No. 108 – July 2017
Authors: Nickolas Wathke, Aidan Johnson, Mohammad Kayali, Amanda Simon, Ty Simons, Kendyll Taylor, Olivia Towner
Editor and Co-Author: Prof. Phil Kelly
The unique physical setting of Uzbekistan, an exposed and dependent location within central Eurasia, invites a geopolitical description, the goal of this essay. The interest of the authors lies in utilizing the concepts of “heartland” and “autarky,” both terms intersecting and reinforcing, along with additional concepts, to portray the contemporary foreign affairs of this newly-independent, centrally-positioned, but vulnerable Islamic country. A common theme throughout will direct to Uzbekistan’s resident liability caused by its isolation, an interior placement within an immense continent that will encourage an eventual dependency erasing its current autonomy. In addition, the authors’ intent will be to test appropriate theories, in this case, as taken from the classical geopolitics model, for bringing deeper insight into international events, those being within the realm of the geopolitics of Uzbekistan.

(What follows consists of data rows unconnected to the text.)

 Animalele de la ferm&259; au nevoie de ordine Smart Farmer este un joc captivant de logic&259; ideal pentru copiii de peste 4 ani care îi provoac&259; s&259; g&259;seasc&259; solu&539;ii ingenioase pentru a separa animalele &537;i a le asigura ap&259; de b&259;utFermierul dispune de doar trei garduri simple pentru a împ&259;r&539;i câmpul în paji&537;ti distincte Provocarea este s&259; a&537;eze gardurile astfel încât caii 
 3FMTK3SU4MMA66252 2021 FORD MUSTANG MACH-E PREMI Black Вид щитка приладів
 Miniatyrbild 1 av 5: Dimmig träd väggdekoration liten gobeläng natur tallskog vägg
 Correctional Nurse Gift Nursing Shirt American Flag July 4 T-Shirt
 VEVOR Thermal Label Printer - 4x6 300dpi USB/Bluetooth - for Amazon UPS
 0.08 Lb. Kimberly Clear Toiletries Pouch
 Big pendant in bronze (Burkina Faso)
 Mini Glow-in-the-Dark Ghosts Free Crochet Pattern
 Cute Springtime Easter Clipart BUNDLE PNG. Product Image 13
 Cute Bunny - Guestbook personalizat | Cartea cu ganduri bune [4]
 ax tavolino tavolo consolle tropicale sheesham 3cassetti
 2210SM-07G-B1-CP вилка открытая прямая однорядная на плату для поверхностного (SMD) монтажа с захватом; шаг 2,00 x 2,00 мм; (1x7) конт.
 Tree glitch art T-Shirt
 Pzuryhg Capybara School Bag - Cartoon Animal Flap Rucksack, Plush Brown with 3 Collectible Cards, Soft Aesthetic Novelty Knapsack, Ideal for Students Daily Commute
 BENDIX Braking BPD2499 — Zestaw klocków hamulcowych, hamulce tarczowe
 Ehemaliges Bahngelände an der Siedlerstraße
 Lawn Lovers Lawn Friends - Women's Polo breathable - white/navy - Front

For example, will a heartland motif offer further understanding into the regional setting of Uzbekistan? Does the concept of autarky or self-sufficiency contribute new light into the country’s security? Similar queries will be exhibited to offer the reader a wide assortment of classical geopolitics methodology that will contribute to a deeper study of the regional setting of Uzbekistan and its neighbors.